And then there was the one girl who stayed throughout: Zoe. Although she
a) clawed a ton of damage in the upstairs carpet
b) had to be tackled by Paul milliseconds before exposing herself to the Landlord and getting us in a ton of trouble,
c) whored herself out, sleeping in multiple beds and flirting with just about everyone who walked into the house (and three German Shepherds on every one of our nightly walks),
Zoe may have been the most indispensable member of the house. It was such a great feeling to come home after a long day of sitting around a table with fat men and see the excitement on her face, then go outside and watch her glee explode into impulsive, aimless sprinting around the block.

Harrah’s: D+
The 2006 WSOP featured great disorganization, several major gaffes from the tournament staff, tasteless all-encompassing greed, and a general aura of corporate sleaze (not the “good old fashioned” sleaze of Vegas of old). It was pretty damn lame for PiMaster to make a WSOP final table and have it played in a sparse corner of the room with no monitors or crowd within thirty feet of the action. The payout structures were generally abysmal, with the early money finishers usually receiving about 1.2 buyins. The main event payout structure was one of the worst I have ever seen, though it was recently bottomed by the Legends of Poker main event. There was the NLHE shootout fiasco, when the tournament staff switched the format of the event at the last minute without telling anyone. A decision that particularly annoyed me was choosing to start some of the preliminary events 11-handed. Not only is this uncomfortable, I think it barely qualifies as poker.

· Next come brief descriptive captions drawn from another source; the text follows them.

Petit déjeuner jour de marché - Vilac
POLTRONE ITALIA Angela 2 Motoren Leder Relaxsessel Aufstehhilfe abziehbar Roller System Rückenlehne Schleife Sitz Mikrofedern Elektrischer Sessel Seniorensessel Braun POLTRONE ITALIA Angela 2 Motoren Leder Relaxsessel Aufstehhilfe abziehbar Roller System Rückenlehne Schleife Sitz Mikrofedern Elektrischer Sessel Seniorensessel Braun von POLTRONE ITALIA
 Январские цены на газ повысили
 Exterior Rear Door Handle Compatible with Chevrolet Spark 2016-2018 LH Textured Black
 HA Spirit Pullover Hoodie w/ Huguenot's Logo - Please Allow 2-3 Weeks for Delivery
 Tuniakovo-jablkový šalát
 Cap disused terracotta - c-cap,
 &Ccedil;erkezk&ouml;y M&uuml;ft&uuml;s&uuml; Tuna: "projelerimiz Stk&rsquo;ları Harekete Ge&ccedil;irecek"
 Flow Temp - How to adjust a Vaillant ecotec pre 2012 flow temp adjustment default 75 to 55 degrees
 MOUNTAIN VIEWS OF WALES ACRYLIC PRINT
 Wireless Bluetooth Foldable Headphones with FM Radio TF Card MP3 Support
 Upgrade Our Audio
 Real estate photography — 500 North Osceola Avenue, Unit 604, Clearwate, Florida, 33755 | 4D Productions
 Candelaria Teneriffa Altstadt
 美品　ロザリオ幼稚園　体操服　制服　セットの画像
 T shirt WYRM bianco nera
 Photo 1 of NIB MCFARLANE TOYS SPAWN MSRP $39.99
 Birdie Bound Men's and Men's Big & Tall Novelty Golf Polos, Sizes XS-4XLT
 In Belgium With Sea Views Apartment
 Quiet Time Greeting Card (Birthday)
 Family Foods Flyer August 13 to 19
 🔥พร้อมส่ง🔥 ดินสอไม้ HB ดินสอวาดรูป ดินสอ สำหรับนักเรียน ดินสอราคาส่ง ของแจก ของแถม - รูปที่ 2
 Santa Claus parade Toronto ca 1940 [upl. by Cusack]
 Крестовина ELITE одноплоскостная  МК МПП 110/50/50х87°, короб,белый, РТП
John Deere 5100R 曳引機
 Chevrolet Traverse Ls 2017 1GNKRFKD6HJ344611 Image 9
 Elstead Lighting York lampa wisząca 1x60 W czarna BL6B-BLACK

The one saving grace: The main event featured one of the finest blind structures in poker history. Harrah’s did not compromise the quality of the structure one bit. They let the players play deep-stack poker the entire way. Surely this was one of the greatest poker tournaments ever played.

Heineken: C+
This has become the default beer for me at the casinos, as pretty much all of them have it and microbrews are pretty impossible to find on the Strip. A default flavor for a default beer.

Hollingol: A
Never in my life have I been this scared of another player, and we didn’t even play at the same table.

Housemates: B+
First the lowlights: The housemates putting in a combined 3000 hours of Starcraft; Gambler and Hostile One cranking up the chip sounds on Party Poker to deafening levels heard throughout the house at all hours of the day and night; the kitchen area becoming a wasteland, climaxing in MasterJ’s explanation that he didn’t throw away a particular piece of garbage because “the trash can was too full”; Lazypoo accidentally walking off with a pair of driving shoes from a Go-Kart business; Matt stumbling into the wrong room at the Rio the night after Paul’s 2nd place finish, sleeping on the floor despite an unclaimed couch, then snoring loudly, waking me up on the day I needed to drive to central Utah in the middle of the night; Gambler failing to read my WSOP 2005 playbook and plunging down a spiral of bad gambling and lifestyle, chasing good money with bad; the Hostile One failing to return to Vegas for Paul’s final table, offering up some sort of excuse involving horses.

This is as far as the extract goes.